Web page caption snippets
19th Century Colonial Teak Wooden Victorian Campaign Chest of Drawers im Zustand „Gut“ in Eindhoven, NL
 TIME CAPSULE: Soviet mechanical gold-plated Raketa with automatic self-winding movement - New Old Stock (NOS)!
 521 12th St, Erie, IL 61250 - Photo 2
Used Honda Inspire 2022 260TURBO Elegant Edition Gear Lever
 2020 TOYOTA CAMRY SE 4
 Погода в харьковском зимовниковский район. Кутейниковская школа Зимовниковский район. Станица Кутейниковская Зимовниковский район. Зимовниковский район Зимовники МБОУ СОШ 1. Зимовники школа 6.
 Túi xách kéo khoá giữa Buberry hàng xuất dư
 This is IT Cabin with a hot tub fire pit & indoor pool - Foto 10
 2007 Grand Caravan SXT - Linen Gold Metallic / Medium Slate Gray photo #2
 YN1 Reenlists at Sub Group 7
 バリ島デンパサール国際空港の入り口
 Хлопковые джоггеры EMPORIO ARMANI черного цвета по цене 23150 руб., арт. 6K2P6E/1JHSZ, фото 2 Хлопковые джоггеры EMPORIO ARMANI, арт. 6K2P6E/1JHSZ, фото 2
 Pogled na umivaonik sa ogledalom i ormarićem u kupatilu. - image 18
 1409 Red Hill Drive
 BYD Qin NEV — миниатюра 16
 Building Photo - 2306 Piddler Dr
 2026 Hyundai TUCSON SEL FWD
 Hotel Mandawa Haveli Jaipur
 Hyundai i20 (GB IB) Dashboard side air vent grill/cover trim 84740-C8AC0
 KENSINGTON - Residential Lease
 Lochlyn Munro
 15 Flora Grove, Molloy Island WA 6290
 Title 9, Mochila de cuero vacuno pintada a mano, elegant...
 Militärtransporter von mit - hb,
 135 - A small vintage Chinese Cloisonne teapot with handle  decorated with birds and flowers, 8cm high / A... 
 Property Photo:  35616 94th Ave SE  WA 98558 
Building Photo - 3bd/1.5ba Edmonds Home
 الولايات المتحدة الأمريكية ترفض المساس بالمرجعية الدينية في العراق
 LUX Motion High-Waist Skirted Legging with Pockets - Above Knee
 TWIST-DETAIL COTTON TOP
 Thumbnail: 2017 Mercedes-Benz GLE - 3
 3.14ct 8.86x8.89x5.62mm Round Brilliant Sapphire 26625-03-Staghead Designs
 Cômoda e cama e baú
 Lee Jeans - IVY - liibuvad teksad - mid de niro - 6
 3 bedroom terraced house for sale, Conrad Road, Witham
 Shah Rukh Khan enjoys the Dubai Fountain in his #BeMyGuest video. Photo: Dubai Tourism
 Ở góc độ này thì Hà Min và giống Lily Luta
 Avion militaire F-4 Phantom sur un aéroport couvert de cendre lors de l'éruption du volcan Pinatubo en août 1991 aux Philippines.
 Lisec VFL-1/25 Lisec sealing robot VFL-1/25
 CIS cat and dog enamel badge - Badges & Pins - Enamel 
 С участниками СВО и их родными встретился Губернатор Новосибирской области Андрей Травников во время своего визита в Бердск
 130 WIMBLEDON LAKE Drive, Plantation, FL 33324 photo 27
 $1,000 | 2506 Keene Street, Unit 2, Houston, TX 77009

**Description of the task**
Output, from the data above, the lines from the line with "2020 TOYOTA CAMRY SE 4" to the line with "Túi xách kéo khoá giữa Buberry hàng xuất dư" exactly as they stand, both ends included and nothing else.

**Response area**
 2020 TOYOTA CAMRY SE 4
 Погода в харьковском зимовниковский район. Кутейниковская школа Зимовниковский район. Станица Кутейниковская Зимовниковский район. Зимовниковский район Зимовники МБОУ СОШ 1. Зимовники школа 6.
 Túi xách kéo khoá giữa Buberry hàng xuất dư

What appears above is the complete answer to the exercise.